Don Stewart, a spokesman for Republican Senate leader Mitch McConnell of Kentucky, blamed the delay on division within the Democrats' ranks.
"If anyone can show me where there's a Democratic bill to hold hostage, I'll buy them lunch," he said.
Senator Charles Grassley of Iowa, the ranking Republican on the Finance Committee, called the move to delay grappling with the tax-cut extension a "dereliction of duty" by Democrats.
A vote on the issue will occur before Jan. 1, said Senator Debbie Stabenow, a Michigan Democrat.
"We will have a vote and have the fight before the end of the year," she said. Democrats "are very committed to extending the middle-class tax cuts but not the top rates because that hasn't created jobs," she said.
The Senate "will come back in November and stay in session as long as it takes to get this done," Jim Manley, a spokesman for Majority Leader Harry Reid of Nevada, said in a statement last night.
Chuck Marr, a tax and budget analyst at the Center on Budget and Policy Priorities, a Washington research group that usually sides ideologically with Democrats, said he expected Congress to reach an extension agreement before the year ends.
"There's a very low probability" all of the tax cuts will expire, Marr said. Aaron said he favors keeping all of the reductions in place for a year or two, and then repeal them all. Some Democratic lawmakers, including Conrad, have endorsed a temporary extension of all the rates.
Paychecks May Shrink
Even if lawmakers decide not to let tax rates rise, Americans' paychecks may shrink temporarily if Congress doesn't act soon.
If Congress doesn't vote in November, the IRS will advise employers to increase deductions from paychecks beginning Jan. 1, according to payroll experts. That's because the IRS needs time to prepare and distribute tables used to calculate withholding taxes, and employers need time to implement them.
Alec Phillips, an economist at Goldman Sachs, calculated in this week's research note that the U.S. gross domestic product would be cut by almost 2 percentage points if Congress doesn't extend the tax cuts, as well as temporary tax credits included in the 2009 stimulus bill and relief from the alternative minimum tax.

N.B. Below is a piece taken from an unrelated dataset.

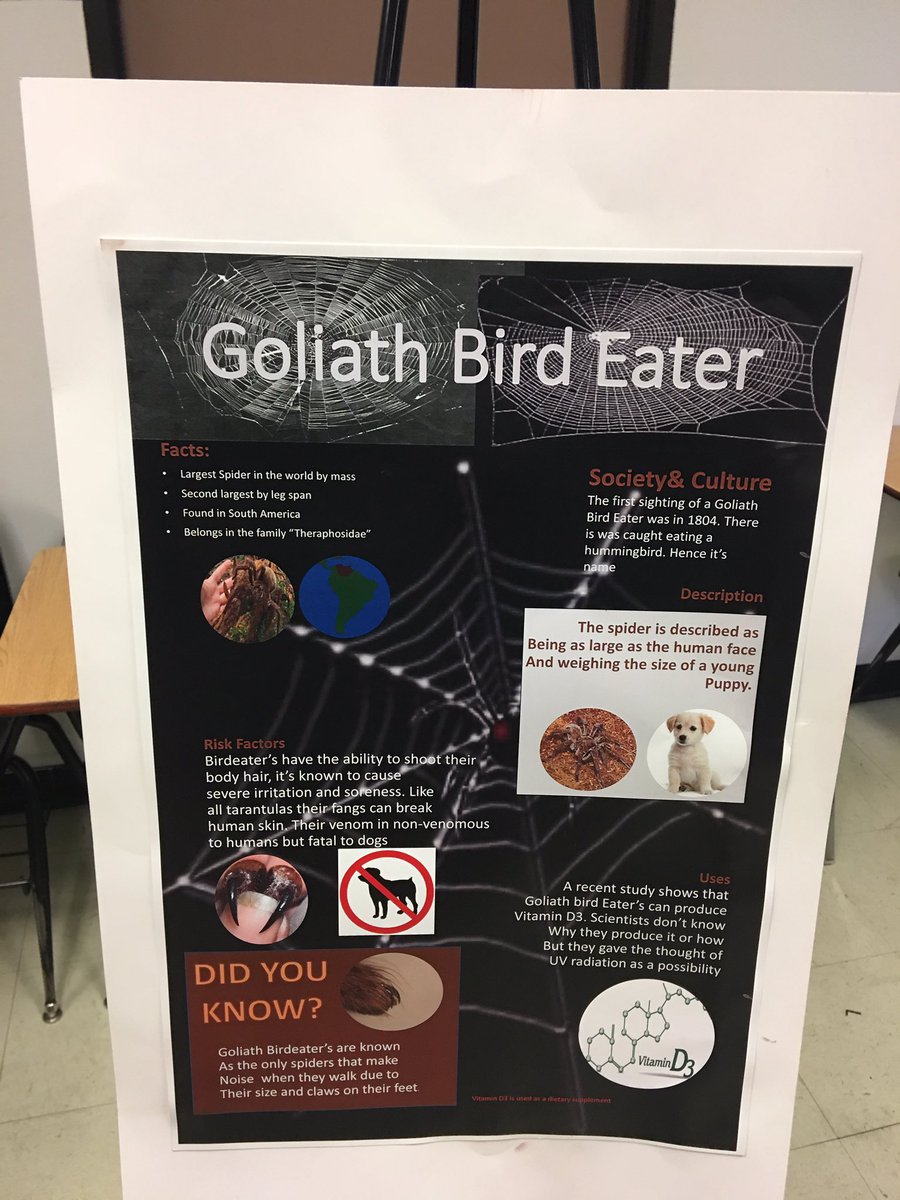 dcgranberry1's tweet photo. Goliath Bird Eater is the size of a small puppy or human face #NotJust4Geeks https://t.co/yxfhoGZQG8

Even a temporary lapse in the tax provisions "would essentially wipe out most of the modest growth we expect in the first half of 2011," Phillips wrote. He said in a telephone interview that a higher tax rate in 2011's first two months would have that effect.

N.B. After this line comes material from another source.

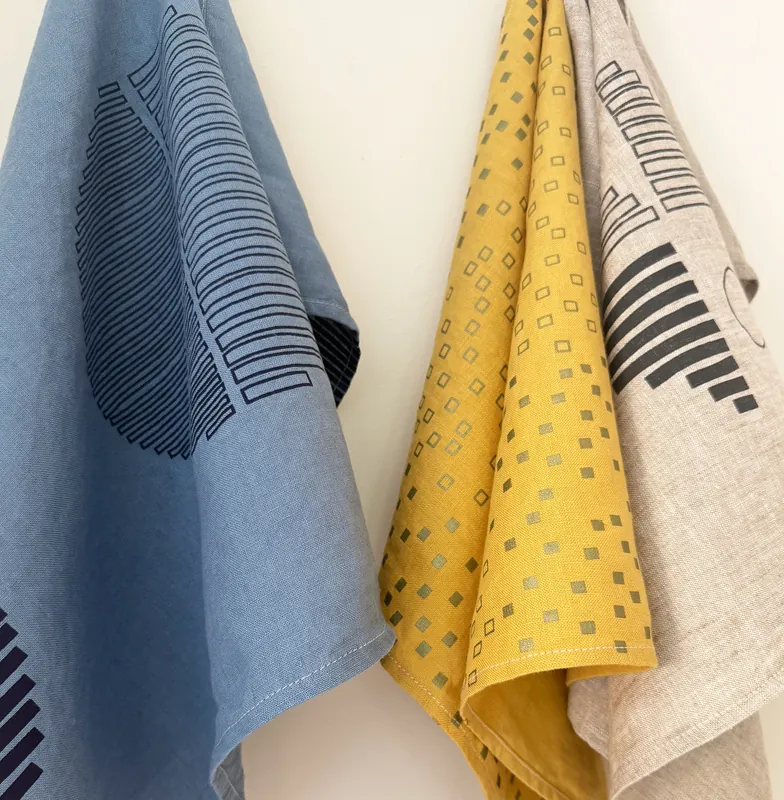 Five Day Class - Professional Development: Screen Printing a Product and Building a Business (NPS)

Dozens of Democrats in the House and at least five in the Senate have backed extending all the tax cuts for one or two years.
House Republicans, who are vying in November's election to gain the 39 seats they need to take control of the chamber, yesterday announced a governing agenda that includes extending all of the tax cuts.

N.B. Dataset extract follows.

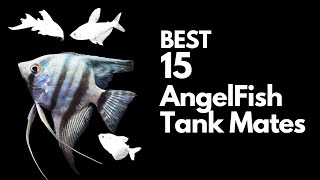 15 Best Angelfish Tank Mates You Must Try With Your Angels [upl. by Rauch]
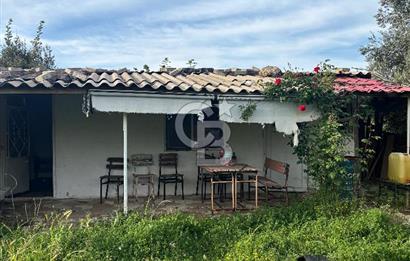 Bayramiç Örenli'de Altyapılı Satılık Yatırımlık Tarla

President Barack Obama has called it "irresponsible" for Congress to extend tax cuts for the higher income Americans because it would cost $700 billion in government revenue when lawmakers are looking to rein in deficits.
"I can't give tax cuts to the top 2 percent of Americans" and "lower the deficit at the same time," he said Sept. 20 during a town hall discussion on jobs and the economy on CNBC television.